I making some realism mod for IL1946 and need info about performance of Spitfire MK V with Merlin 45.

I have problem with Merlin 45 and boost which was used early in 1941. 

Most Spitfire MKV RAF test in 1941 was made using only + 9 lbs so performance of these plane was derated.

Spitfire Mk VB W.3134 Report

Some charts show that Spitfire MK V with Merlin 45 could get +12 lbs emergency power or even +16 lbs.













So how its really look? RAF didnt test Spitfre MKV initialy with emergency power? Or +12 lbs ( or +16 lbs) was initialy not allowed Merlin 45?

Any help?


----------



## HoHun (Apr 11, 2009)

Hi Kwiatek,

>So how its really look?
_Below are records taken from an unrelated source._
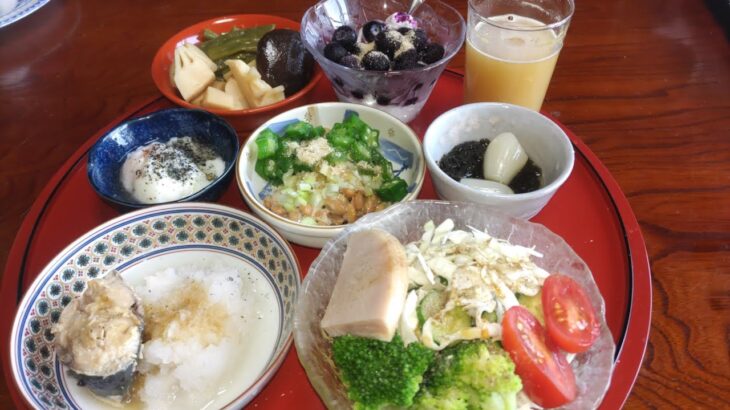 @朝昼晩の肥満糖尿病の改善とフレイルの予防をしたい献立＃1週間に1度のコープの宅配で作る食事＃自家野菜＃猫たちのいる暮らし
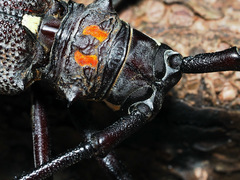 Batocera rubus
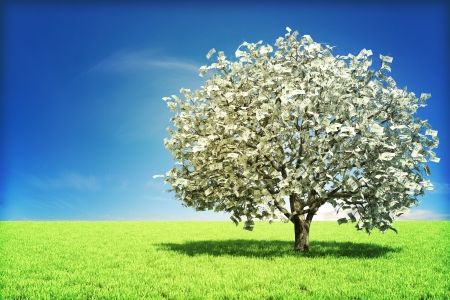 Money tree concept with room for text , or copy space の写真素材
RAF didnt test Spitfre MKV initialy with emergency power? Or +12 lbs ( or +16 lbs) was initialy not allowed Merlin 45?

It's pretty certain that the +16 lbs/sqin rating resulted from technical changes implemented in about August 1942 and communicated to the squadrons by an Air Ministry memorandum, reproduced in Price' "Spitfire - The Complete Fighting History".

It's not entirely certain if the Spitfire V was initally cleared for +12 lbs/sqin, or if it started into service with +9 lbs/sqin only. I tend towards the latter opinion.

I think there was an in-depth discussion of this topic already here on this board, but I can't seem to find it currently 

Regards,

Henning (HoHun)


----------



## Kwiatek (Apr 11, 2009)

Thx HoHun for quick replay. So i think i got still a problem 

Difference between 9 lbs ans 12 lbs is very noticable at low to medium alt so it make big difference between Spit MK V and 109 F performance comparison.

Maby there is someone who can resolve it?


----------



## HoHun (Apr 11, 2009)

Hi Kwiatek,

Here is the old thread: http://www.ww2aircraft.net/forum/engines/merlin-40-series-performance-curves-16568.html

Regards,

Henning (HoHun)


----------



## claidemore (Apr 11, 2009)

It gets confusing comparing climb, all out level, takeoff and combat power levels. In a later date Merlin 45 the numbers would be 12 lbs takeoff, 9 lbs climb, 16 lbs combat (5 min.)

I always understood the numbers as being 9 lbs for *takeoff*, with 12 lbs emergency *combat *power (for 1941),,,,and 12 lbs *takeoff*, with 16 lbs emergency *combat *power (for 1942). 

They also used different boost levels at different rpms, for example, the Merlin XII used 12 lbs boost at 2270 rpm for takeoff (3 min), but 9 lbs boost at 3000 rpm for max combat (5 min).


----------